= Adam Sky (Australian DJ) =

Australian dance music DJ (1977–2019)

Adam Gary Neat (1977 – 4 May 2019), known professionally as Modium and later as Adam Sky, was an Australian dance music DJ.

==Early life and education==
Neat was from Melbourne and was the son of Gary Neat, a businessman and politician who was formerly a journalist with the Australian Broadcasting Corporation.

==Career==
Neat worked in information technology, including as an entrepreneur, before focusing on his DJ career. Based in Singapore, Adam Sky was ranked third most popular DJ in Asia. He worked with acts including Fatboy Slim, The Scissor Sisters, David Guetta, Afrojack, and Taio Cruz, had several signed tracks, and had a large number of tracks chart in the Top 100 and Top 10. He was resident DJ at several clubs starting in 2011 as Modium with Hedkandi's Ministry of Sound events; since moving to Singapore he referred to Altimate in 1-Altitude in Raffles Place as his "home base". He also hosted a radio show with more than a million listeners each month, The Guestlist or Guest List Radio, and in March 2018 founded Jupiter Labs, a talent agency incorporating a production facility called Titan Studio, in Singapore.

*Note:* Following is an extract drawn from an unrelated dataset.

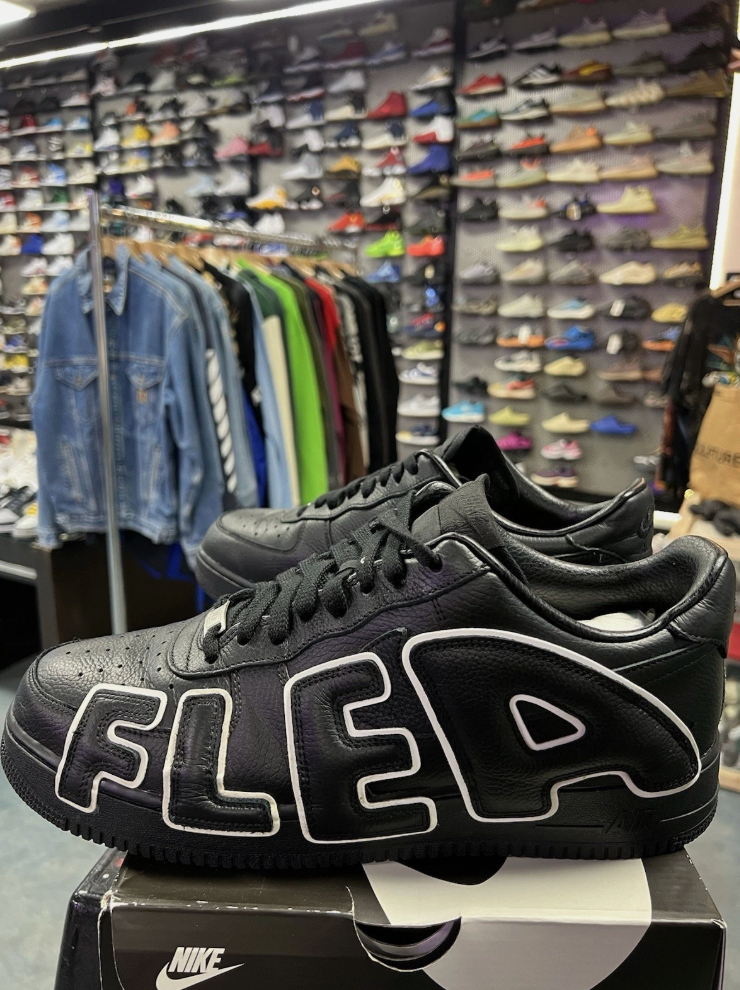 Nike Air Force 1 Low Cactus Plant Flea Market Black (2024) Pre Owned (YCC)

==Private life and death==
Sky was married to Marvie Jean Tejada. Sky died on 4 May 2019 at the age of 42 at the Hillstone Villas resort in South Kuta, Bali, Indonesia. His assistant Zoia Lukiantceva fell approximately 10 m from a terrace and broke her leg; Sky apparently rushed to help her while drunk and was discovered the next day near the bathroom of the vacant villa below the one in which they were staying with another friend, having bled to death after cutting his arm on the window.